The versioning tool, git is really useful as it essentially provides unlimited undo for your sourcecode. You’ll likely see git in most roles as a web or software developer. This article is written for new developers who know they need to learn git and not much else about it.
What is Git?
Using Git effectively will be easier for you if you have a concrete definition of what git is. First off forget what you know about other versioning tools. Git stores things differently, and you need to know this to use it properly. The best way to explain this is found in the official git documentation:
Git thinks of its data like a set of snapshots of a miniature filesystem. Every time you commit, or save the state of your project in Git, it basically takes a picture of what all your files look like at that moment and stores a reference to that snapshot. To be efficient, if files have not changed, Git doesn’t store the file again, just a link to the previous identical file it has already stored. Git thinks about its data more like a stream of snapshots.
The Three States
There are only 3 states of being as far as git is concerned:committed, modified, and staged. Again, the official documentation describes it well:
Committed means that the data is safely stored in your local database. Modified means that you have changed the file but have not committed it to your database yet. Staged means that you have marked a modified file in its current version to go into your next commit snapshot.

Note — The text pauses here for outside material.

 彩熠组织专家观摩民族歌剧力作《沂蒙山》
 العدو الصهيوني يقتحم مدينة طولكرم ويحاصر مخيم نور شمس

This leads us to the three main sections of a Git project: the Git directory, the working directory, and the staging area.
The Git directory is where Git stores the metadata and object database for your project. This is the most important part of Git, and it is what is copied when you clone a repository from another computer.
The working directory is a single checkout of one version of the project. These files are pulled out of the compressed database in the Git directory and placed on disk for you to use or modify.
The staging area is a file, generally contained in your Git directory, that stores information about what will go into your next commit. It’s sometimes referred to as the “index”, but it’s also common to refer to it as the staging area.